Task directions: Without including any pictures, reproduce the full listing exactly.

"""

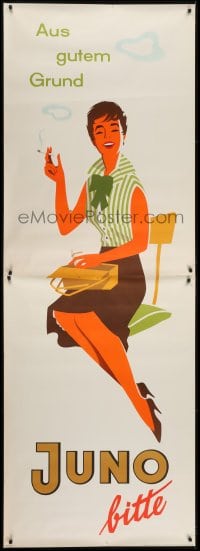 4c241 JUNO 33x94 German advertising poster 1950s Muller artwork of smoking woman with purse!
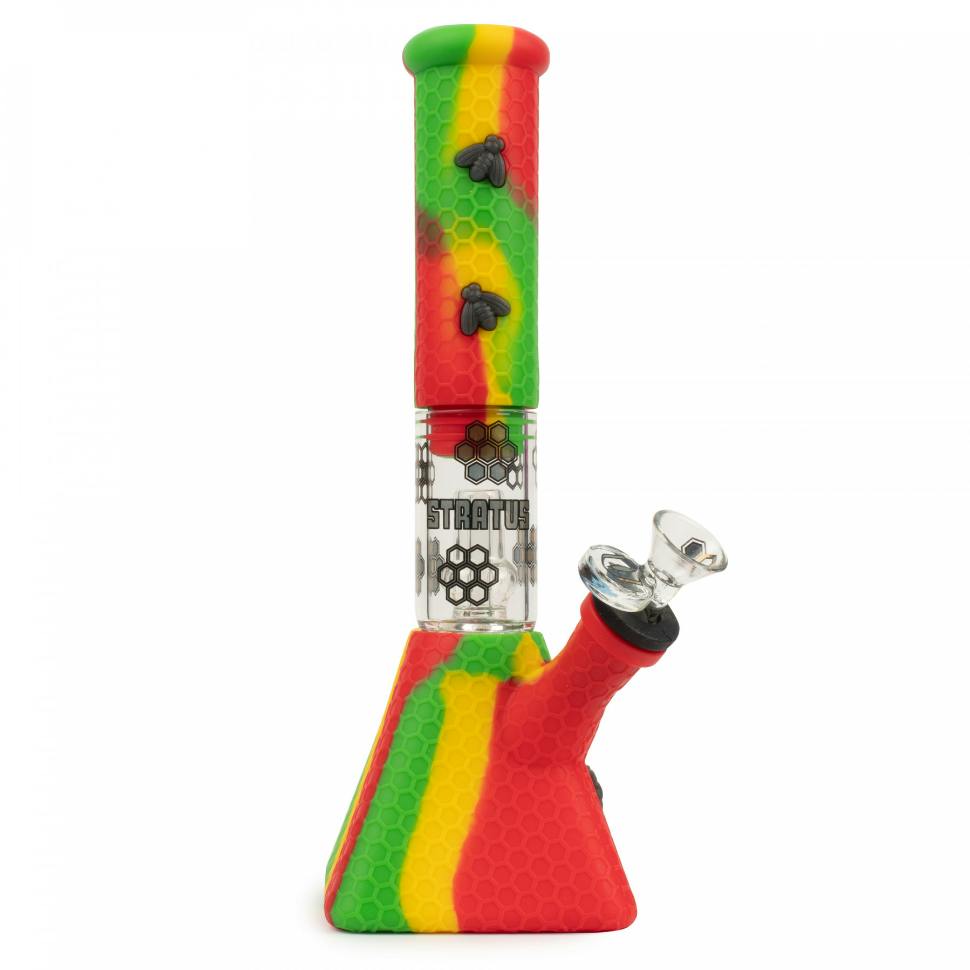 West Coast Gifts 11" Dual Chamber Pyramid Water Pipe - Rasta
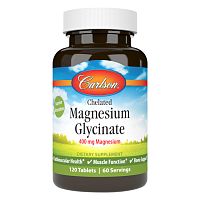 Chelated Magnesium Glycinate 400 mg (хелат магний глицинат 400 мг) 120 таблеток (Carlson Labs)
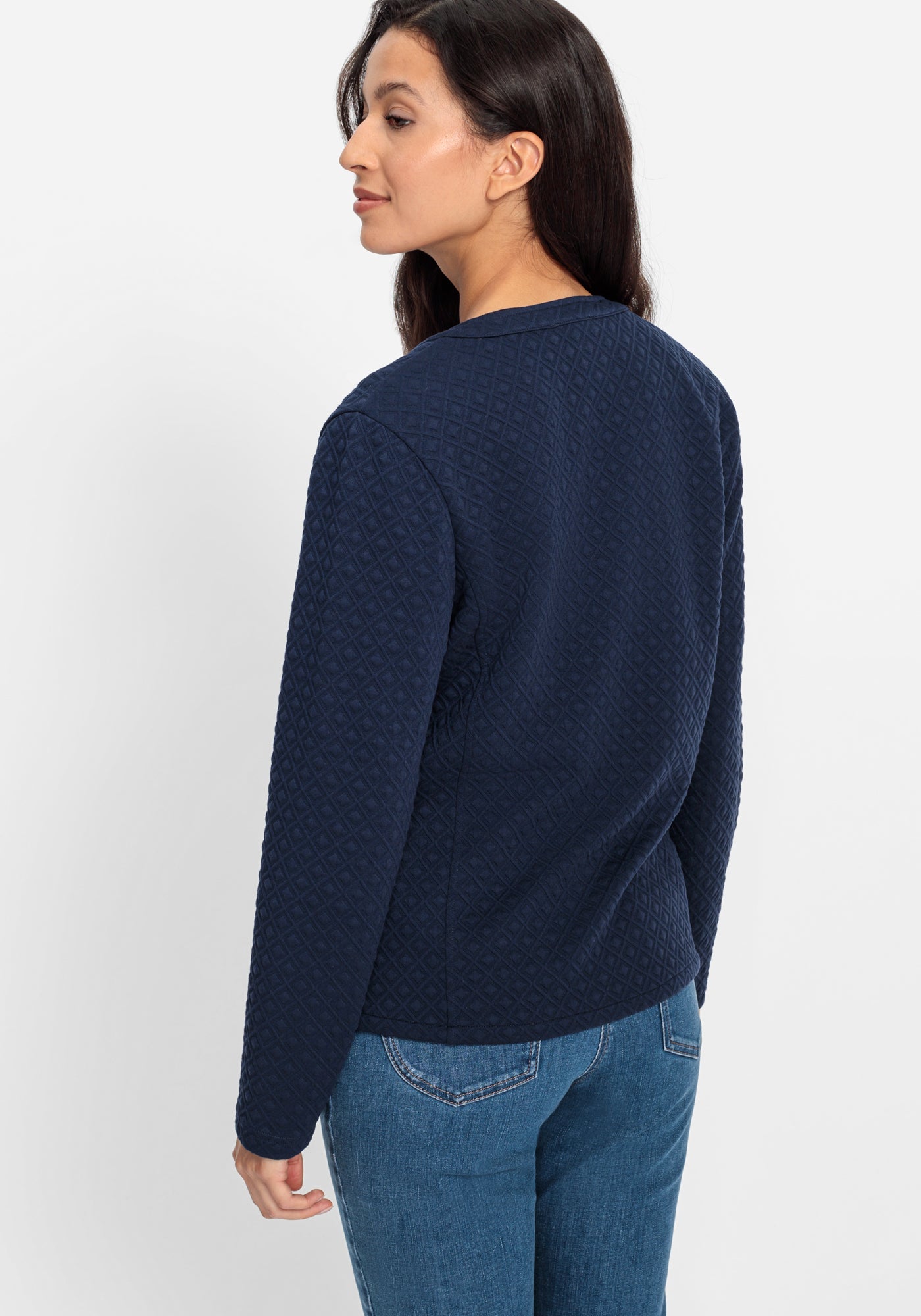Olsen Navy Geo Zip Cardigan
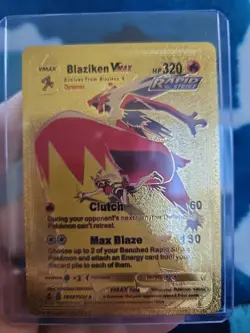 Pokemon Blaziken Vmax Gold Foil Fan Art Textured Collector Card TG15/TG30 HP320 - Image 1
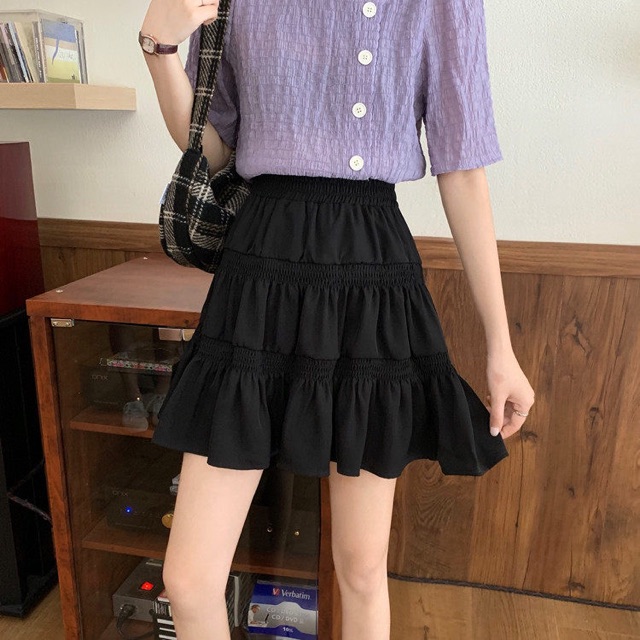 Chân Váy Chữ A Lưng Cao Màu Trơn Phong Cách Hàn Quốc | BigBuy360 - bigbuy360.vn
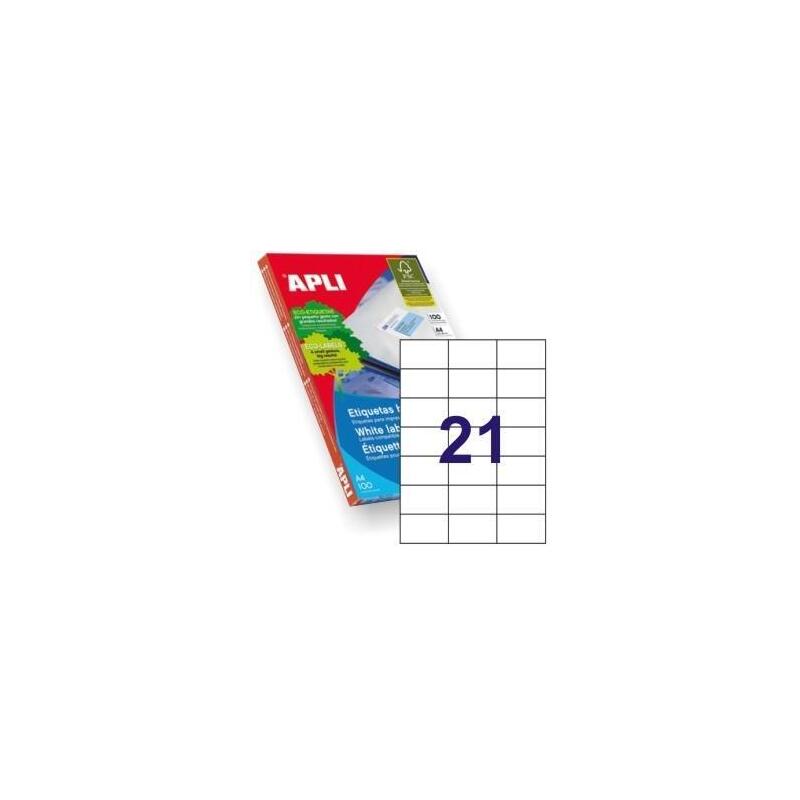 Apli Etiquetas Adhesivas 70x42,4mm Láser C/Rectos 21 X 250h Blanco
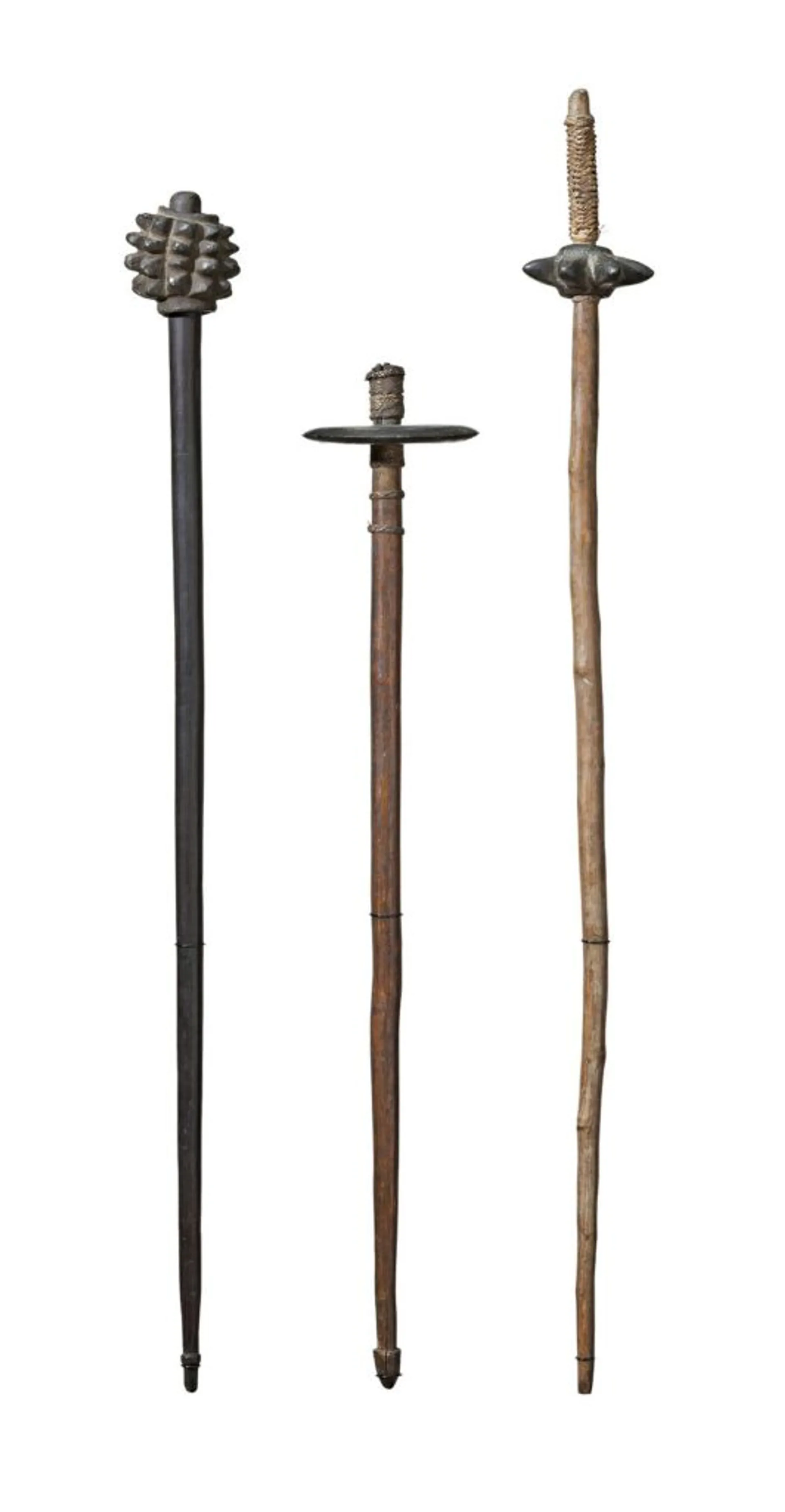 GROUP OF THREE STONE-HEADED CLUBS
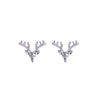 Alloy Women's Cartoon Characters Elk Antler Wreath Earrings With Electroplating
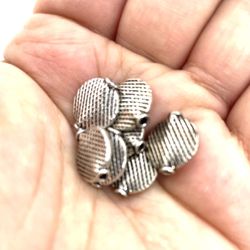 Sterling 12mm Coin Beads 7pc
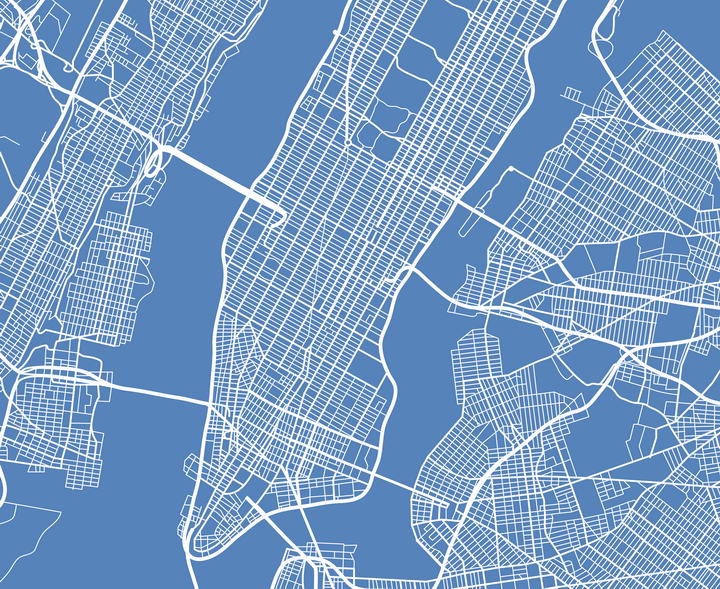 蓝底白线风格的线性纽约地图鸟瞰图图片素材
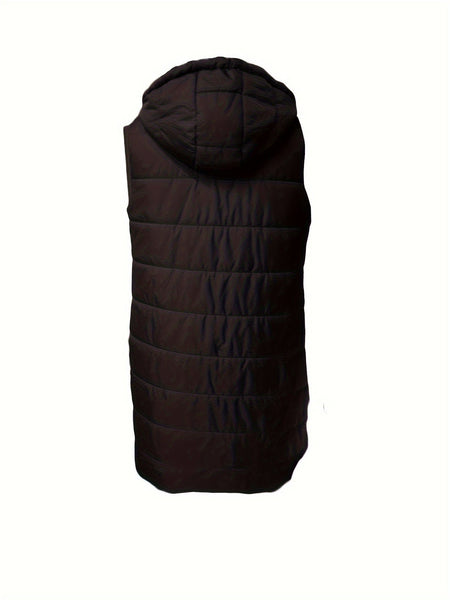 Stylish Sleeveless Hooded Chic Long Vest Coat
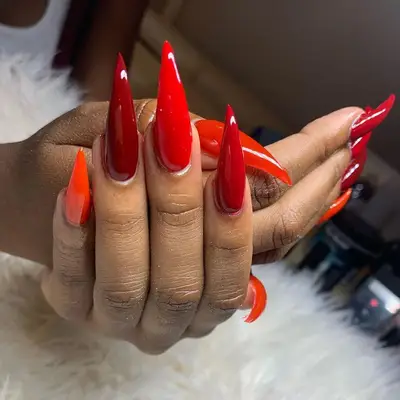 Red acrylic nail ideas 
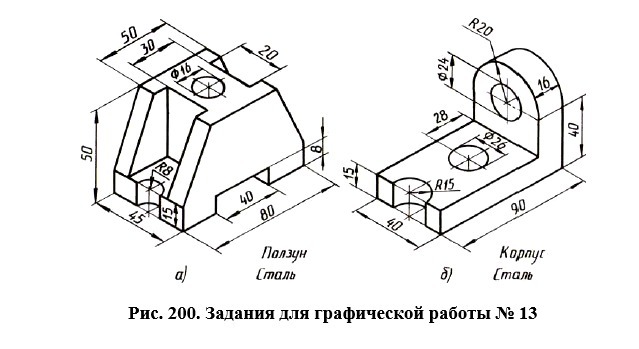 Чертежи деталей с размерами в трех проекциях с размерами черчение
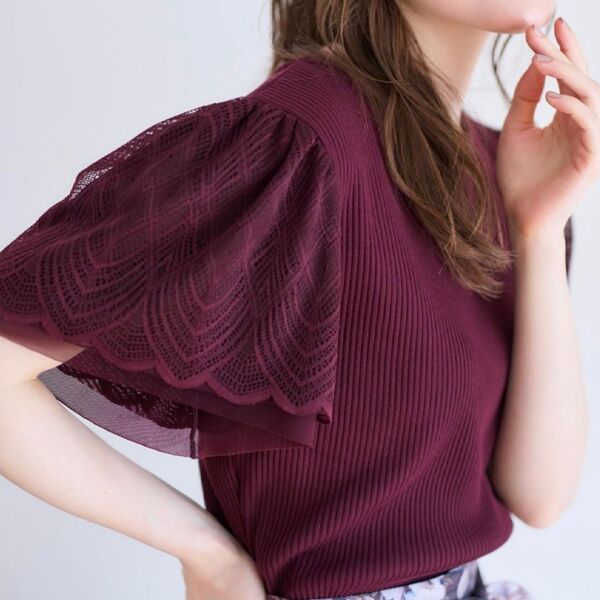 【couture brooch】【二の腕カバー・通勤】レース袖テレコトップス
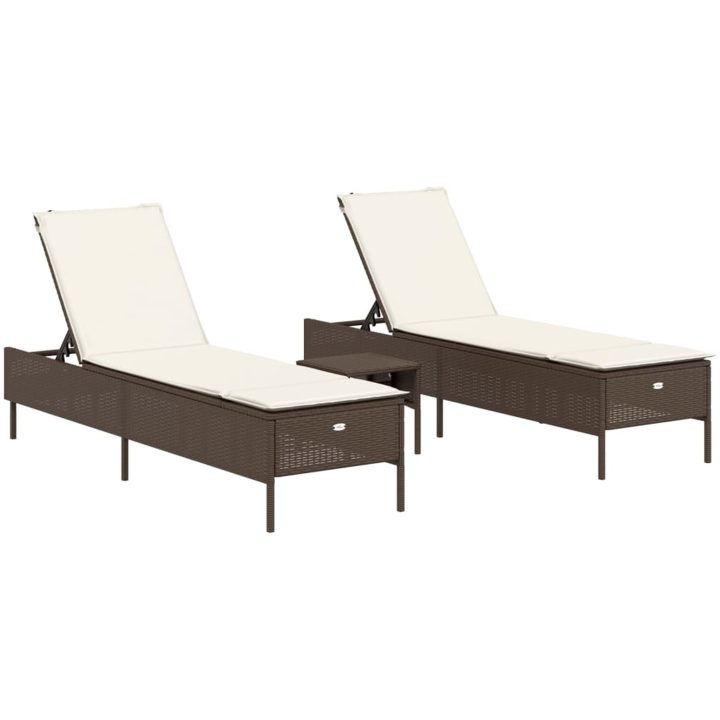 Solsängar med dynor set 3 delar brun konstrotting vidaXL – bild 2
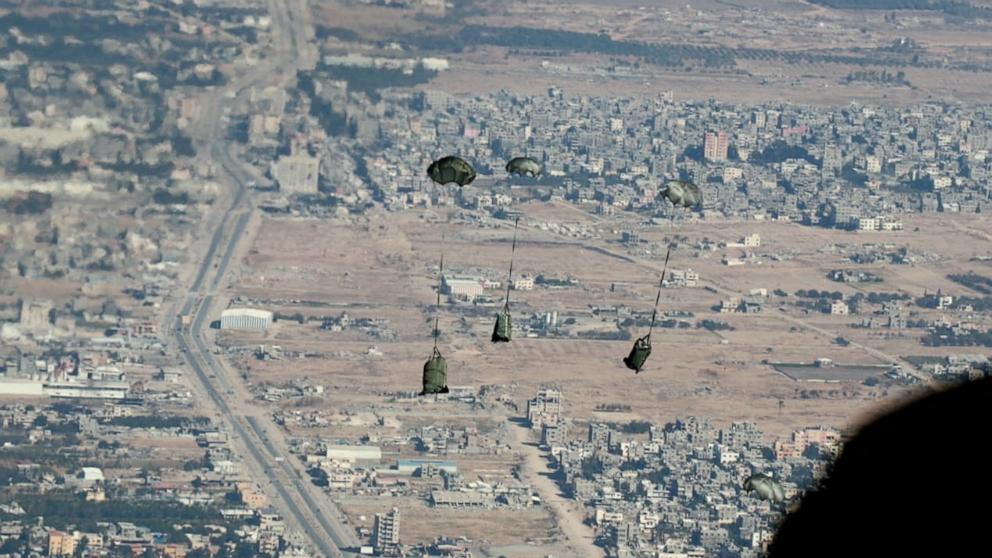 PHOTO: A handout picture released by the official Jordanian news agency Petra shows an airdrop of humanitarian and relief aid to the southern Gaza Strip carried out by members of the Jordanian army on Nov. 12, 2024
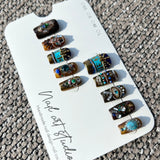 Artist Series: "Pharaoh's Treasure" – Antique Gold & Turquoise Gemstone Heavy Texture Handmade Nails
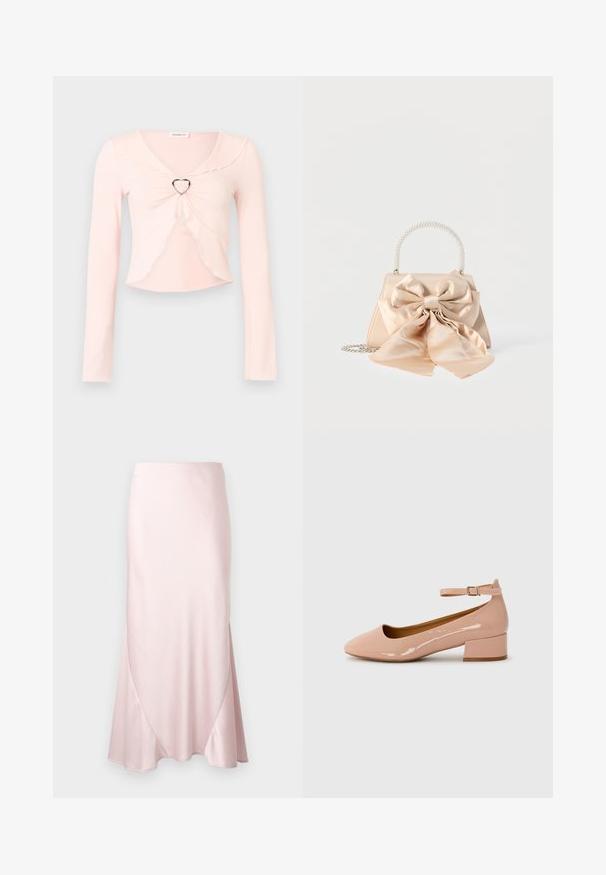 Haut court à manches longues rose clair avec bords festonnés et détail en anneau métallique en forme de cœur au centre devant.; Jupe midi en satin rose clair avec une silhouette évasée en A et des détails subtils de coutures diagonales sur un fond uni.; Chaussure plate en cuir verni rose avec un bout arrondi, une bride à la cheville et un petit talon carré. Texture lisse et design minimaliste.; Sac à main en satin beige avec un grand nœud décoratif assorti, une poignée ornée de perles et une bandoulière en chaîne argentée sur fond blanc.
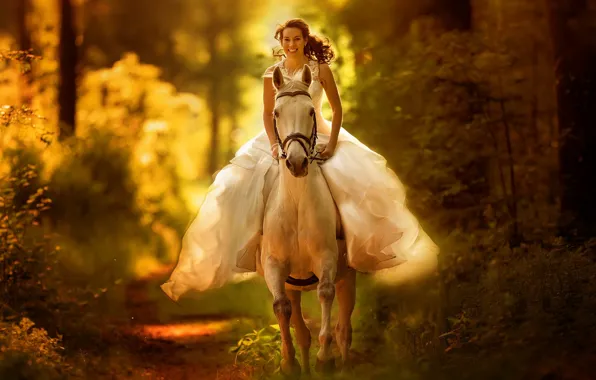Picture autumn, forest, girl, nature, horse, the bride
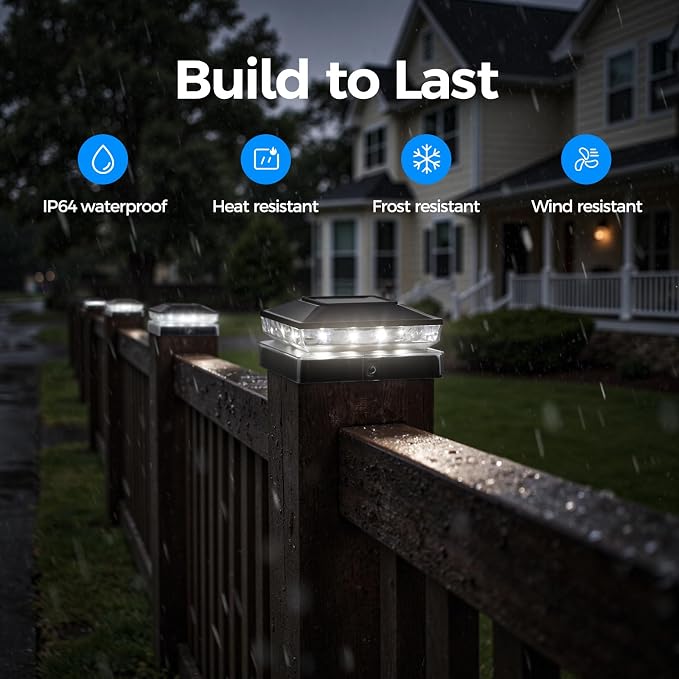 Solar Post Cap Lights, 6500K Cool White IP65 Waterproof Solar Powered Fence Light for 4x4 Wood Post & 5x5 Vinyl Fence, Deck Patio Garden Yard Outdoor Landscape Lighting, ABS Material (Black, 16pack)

"""

Output:
 4c241 JUNO 33x94 German advertising poster 1950s Muller artwork of smoking woman with purse!
 West Coast Gifts 11" Dual Chamber Pyramid Water Pipe - Rasta
 Chelated Magnesium Glycinate 400 mg (хелат магний глицинат 400 мг) 120 таблеток (Carlson Labs)
Olsen Navy Geo Zip Cardigan
 Pokemon Blaziken Vmax Gold Foil Fan Art Textured Collector Card TG15/TG30 HP320 - Image 1
 Chân Váy Chữ A Lưng Cao Màu Trơn Phong Cách Hàn Quốc | BigBuy360 - bigbuy360.vn
 Apli Etiquetas Adhesivas 70x42,4mm Láser C/Rectos 21 X 250h Blanco
 GROUP OF THREE STONE-HEADED CLUBS
 Alloy Women's Cartoon Characters Elk Antler Wreath Earrings With Electroplating
 Sterling 12mm Coin Beads 7pc
 蓝底白线风格的线性纽约地图鸟瞰图图片素材
 Stylish Sleeveless Hooded Chic Long Vest Coat
 Red acrylic nail ideas 
 Чертежи деталей с размерами в трех проекциях с размерами черчение
 【couture brooch】【二の腕カバー・通勤】レース袖テレコトップス
 Solsängar med dynor set 3 delar brun konstrotting vidaXL – bild 2
 PHOTO: A handout picture released by the official Jordanian news agency Petra shows an airdrop of humanitarian and relief aid to the southern Gaza Strip carried out by members of the Jordanian army on Nov. 12, 2024
 Artist Series: "Pharaoh's Treasure" – Antique Gold & Turquoise Gemstone Heavy Texture Handmade Nails
 Haut court à manches longues rose clair avec bords festonnés et détail en anneau métallique en forme de cœur au centre devant.; Jupe midi en satin rose clair avec une silhouette évasée en A et des détails subtils de coutures diagonales sur un fond uni.; Chaussure plate en cuir verni rose avec un bout arrondi, une bride à la cheville et un petit talon carré. Texture lisse et design minimaliste.; Sac à main en satin beige avec un grand nœud décoratif assorti, une poignée ornée de perles et une bandoulière en chaîne argentée sur fond blanc.
Picture autumn, forest, girl, nature, horse, the bride
 Solar Post Cap Lights, 6500K Cool White IP65 Waterproof Solar Powered Fence Light for 4x4 Wood Post & 5x5 Vinyl Fence, Deck Patio Garden Yard Outdoor Landscape Lighting, ABS Material (Black, 16pack)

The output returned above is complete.